● **Exercise description**
The whole listing, pictures aside, should be reproduced exactly.

□ □ □ □ □

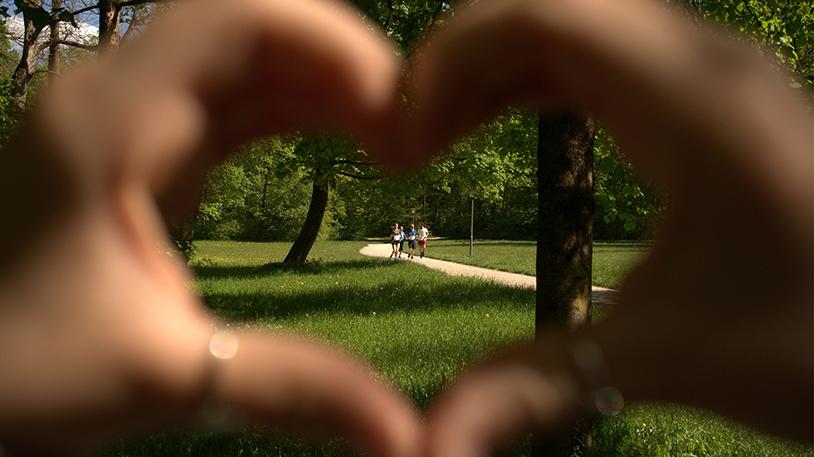 Hände zu Herz geformt mit Joggern in dessen Mitte im Hintergrund 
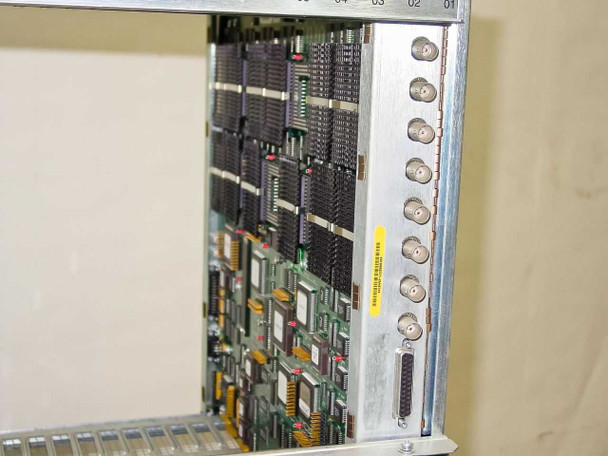 General Instrument CLI Magnitude MPEG Encoder — interior rear card view showing multiple installed circuit boards with BNC output connectors and DB connector, numbered slots 01–05 visible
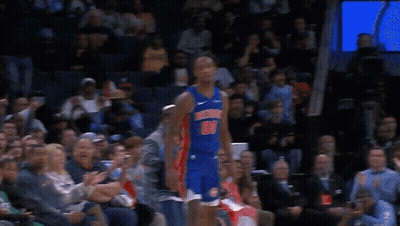 A Basketball Player For The Detroit Pistons Stands In Front Of The Crowd GIF
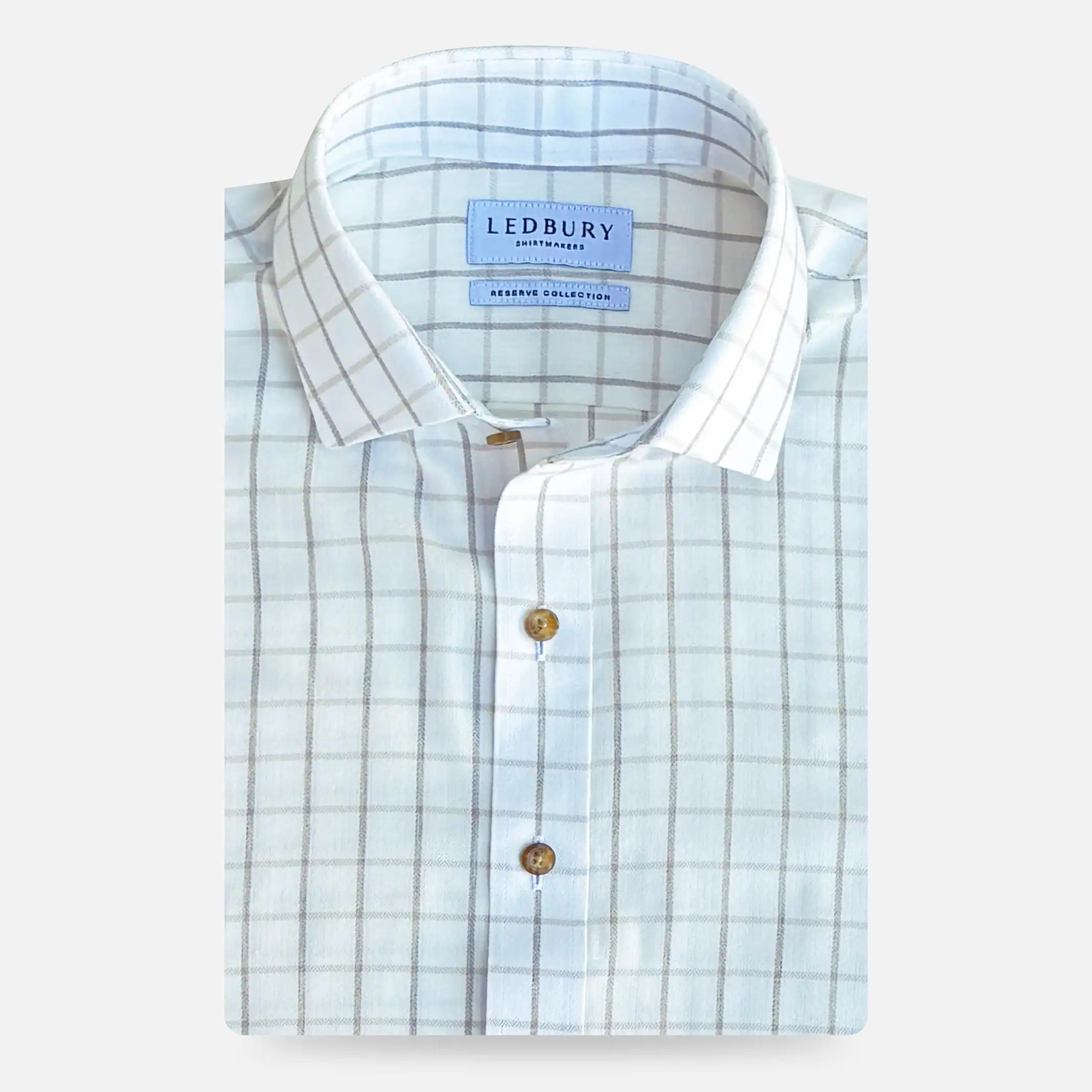 A folded light beige and white checkered dress shirt with brown buttons, featuring a visible LEDBURY brand label on the collar, set against a light gray background.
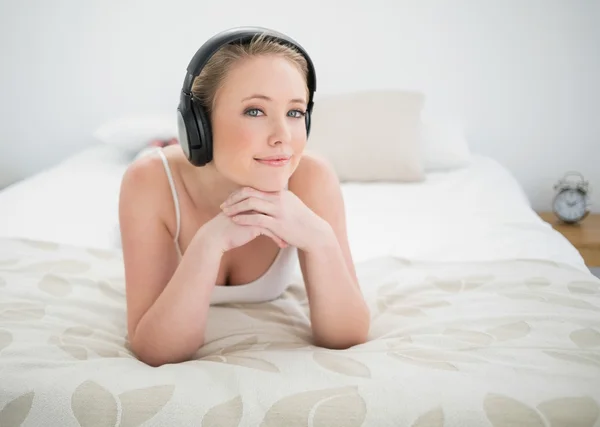 Natürlich lächelnde Blondine, die auf dem Bett liegt und Musik hört — Stockfoto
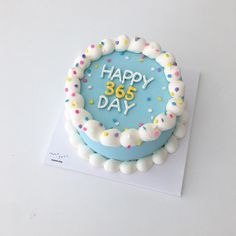 a birthday cake with the words happy 80's day written in frosting and sprinkles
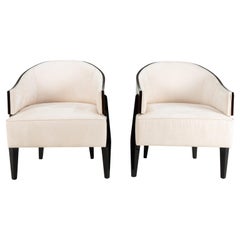 A Pair of Art Deco Style Curved-Back Lounge Chairs
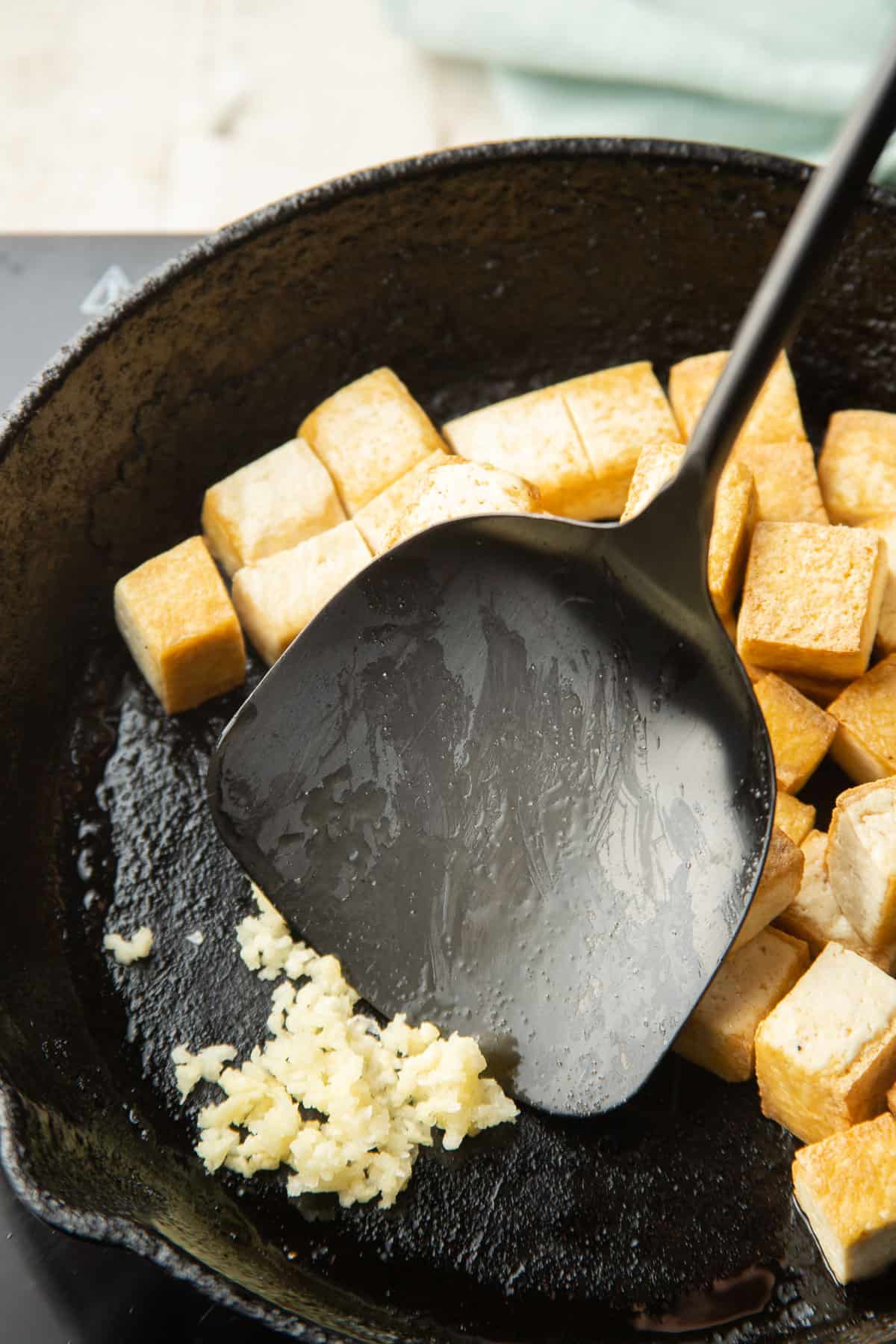 Minced garlic cooking in a skillet with tofu.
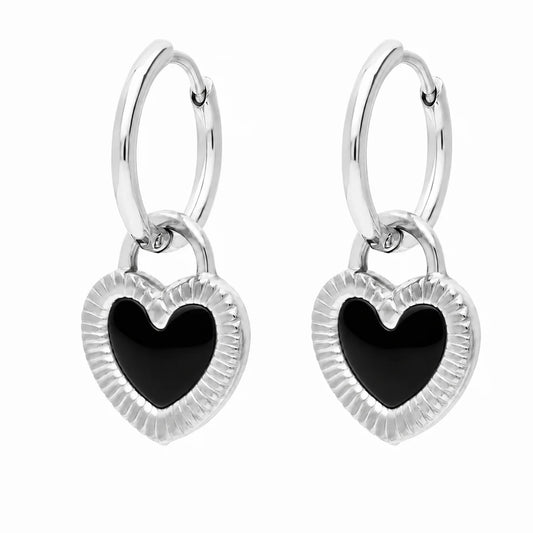 Boucles d’oreilles créoles réversibles argentées en acier inoxydable – côté cœur noir
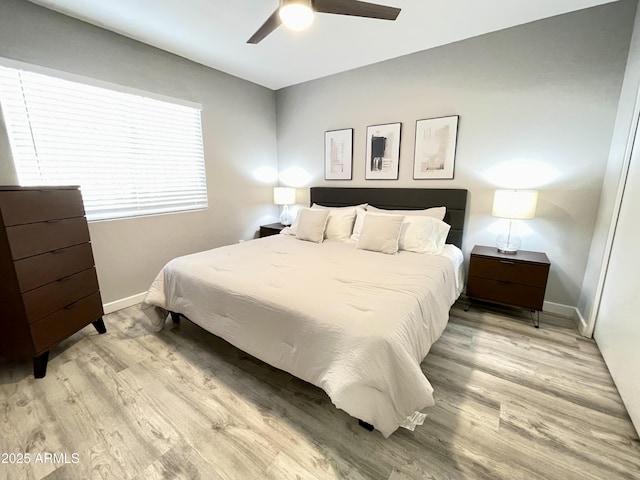 bedroom featuring light hardwood / wood-style floors and ceiling fan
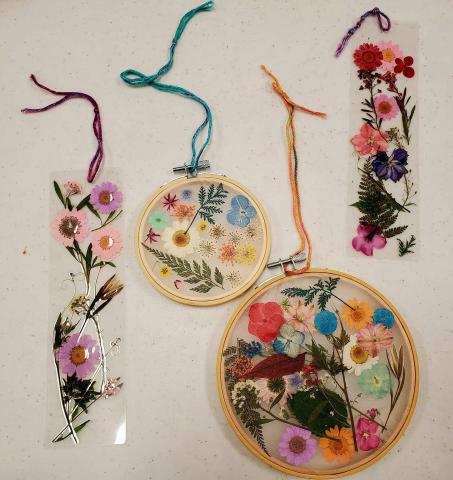 A color photo of crafts made with pressed flowers.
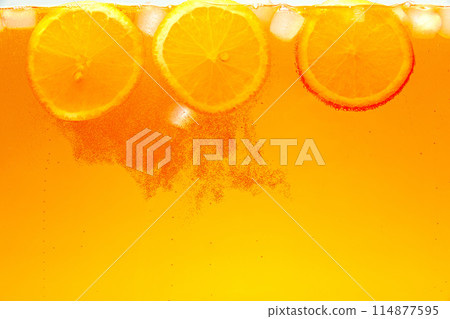 Textured photo. Orange slices with ice cubes adorns refreshing tropical drink. Abstract wallpaper. Sweet and sour. 114877595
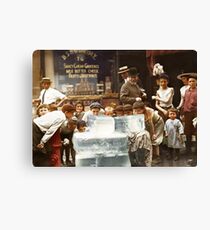Licking blocks of ice during heat wave in New York, July, 1911 Canvas Print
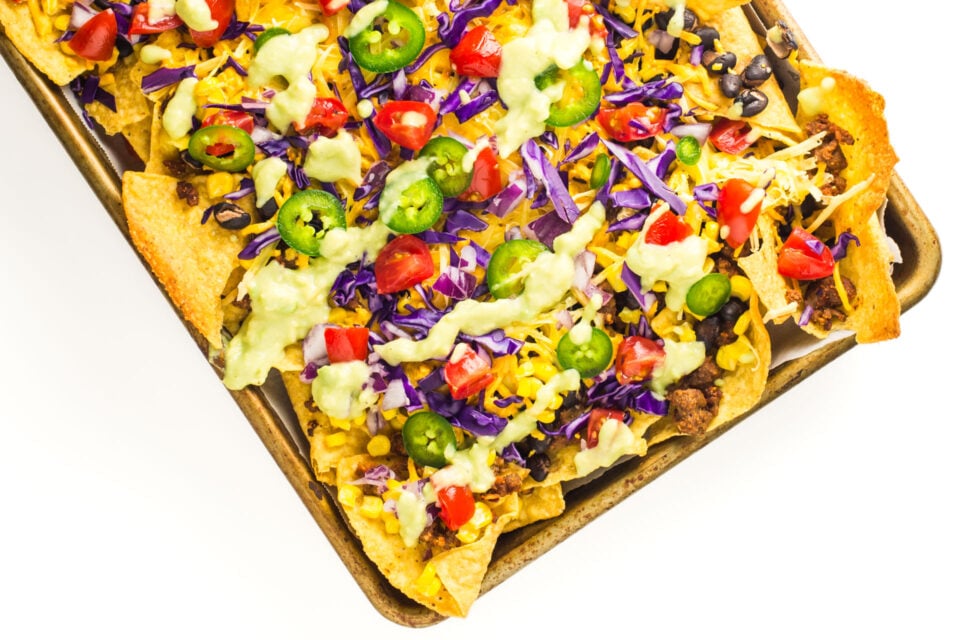 A baking sheet is loaded with baked vegan nachos.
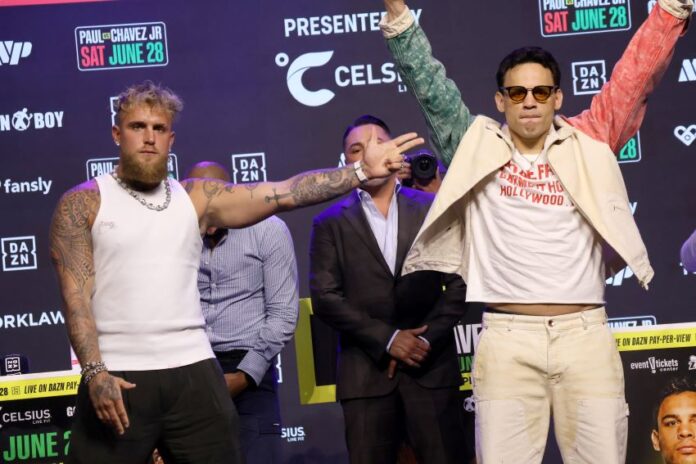 Jake Paul points at boxer Julio César Chávez Jr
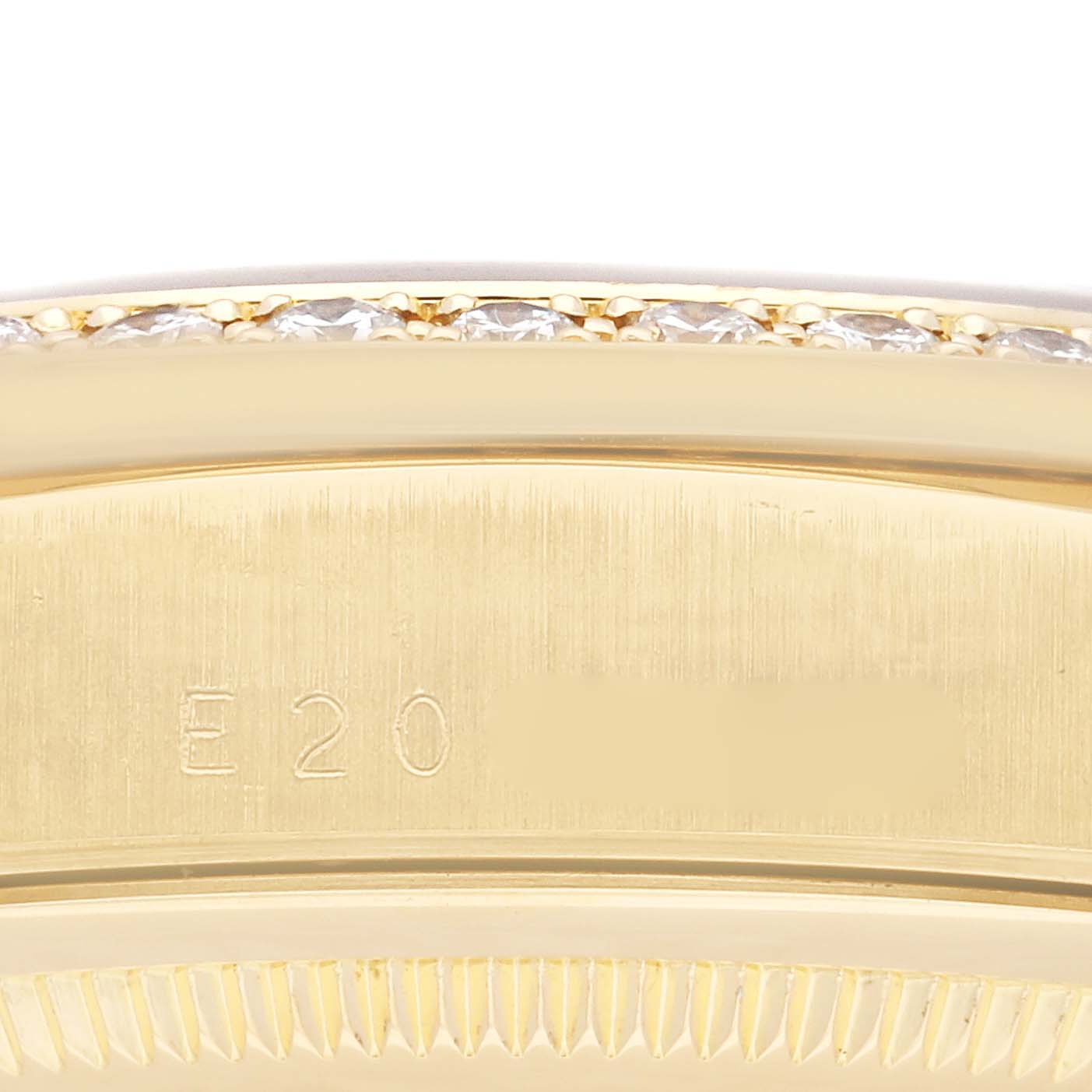 The image shows a close-up of the side of a Rolex President 18348 Men's Yellow Gold Black Dial 18348 Men's Yellow Gold Black Dial model watch, highlighting its bezel and serial number.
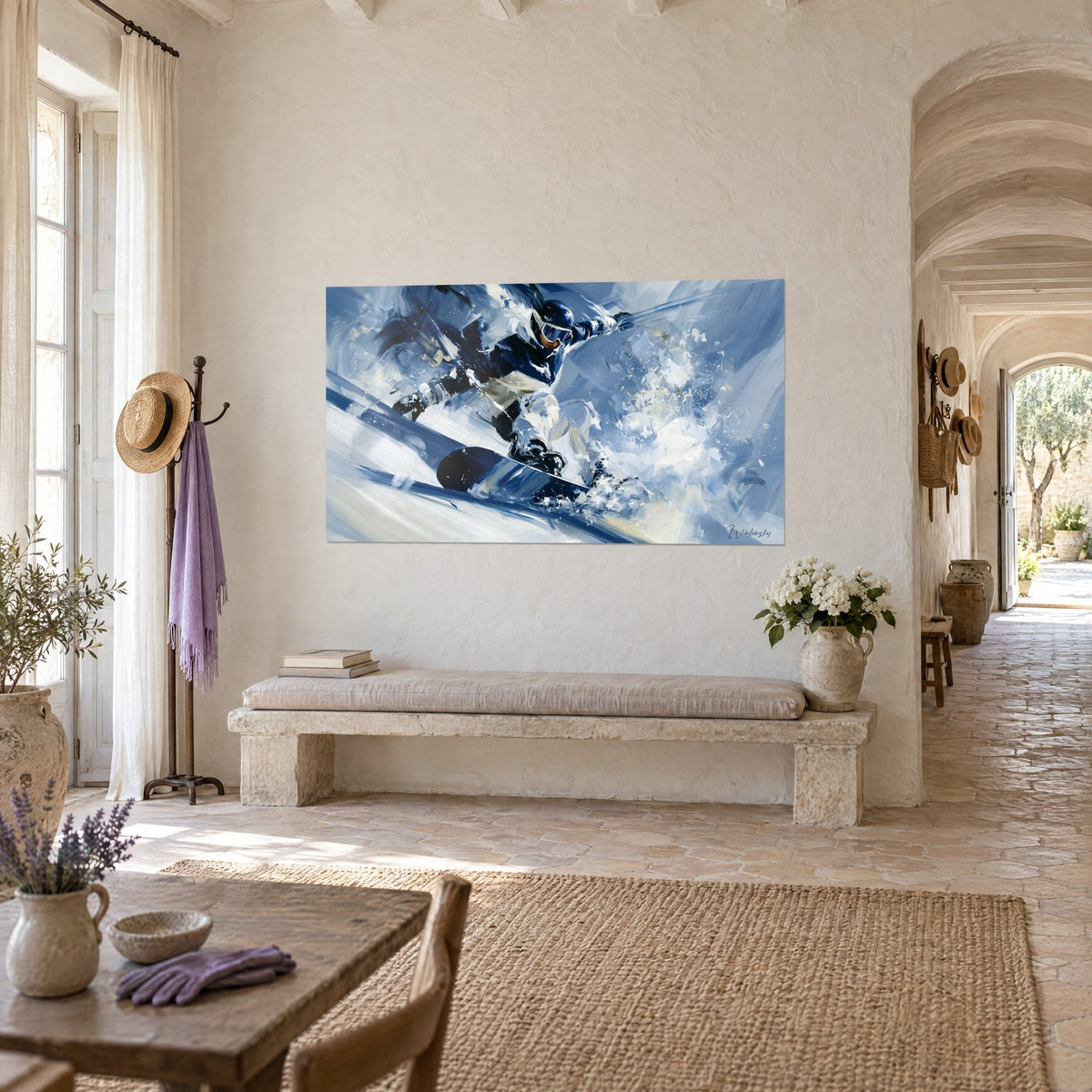 Wall art of a rider carving a turn on a black board splashing, white and blue powder snow, hung in a hallway of a Provençal farmhouse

□ □ □ □ □

● **Solved problem**
 Hände zu Herz geformt mit Joggern in dessen Mitte im Hintergrund 
 General Instrument CLI Magnitude MPEG Encoder — interior rear card view showing multiple installed circuit boards with BNC output connectors and DB connector, numbered slots 01–05 visible
 A Basketball Player For The Detroit Pistons Stands In Front Of The Crowd GIF
 A folded light beige and white checkered dress shirt with brown buttons, featuring a visible LEDBURY brand label on the collar, set against a light gray background.
 Natürlich lächelnde Blondine, die auf dem Bett liegt und Musik hört — Stockfoto
 a birthday cake with the words happy 80's day written in frosting and sprinkles
 A Pair of Art Deco Style Curved-Back Lounge Chairs
 Minced garlic cooking in a skillet with tofu.
 Boucles d’oreilles créoles réversibles argentées en acier inoxydable – côté cœur noir
 bedroom featuring light hardwood / wood-style floors and ceiling fan
 A color photo of crafts made with pressed flowers.
 Textured photo. Orange slices with ice cubes adorns refreshing tropical drink. Abstract wallpaper. Sweet and sour. 114877595
Licking blocks of ice during heat wave in New York, July, 1911 Canvas Print
 A baking sheet is loaded with baked vegan nachos.
 Jake Paul points at boxer Julio César Chávez Jr
 The image shows a close-up of the side of a Rolex President 18348 Men's Yellow Gold Black Dial 18348 Men's Yellow Gold Black Dial model watch, highlighting its bezel and serial number.
 Wall art of a rider carving a turn on a black board splashing, white and blue powder snow, hung in a hallway of a Provençal farmhouse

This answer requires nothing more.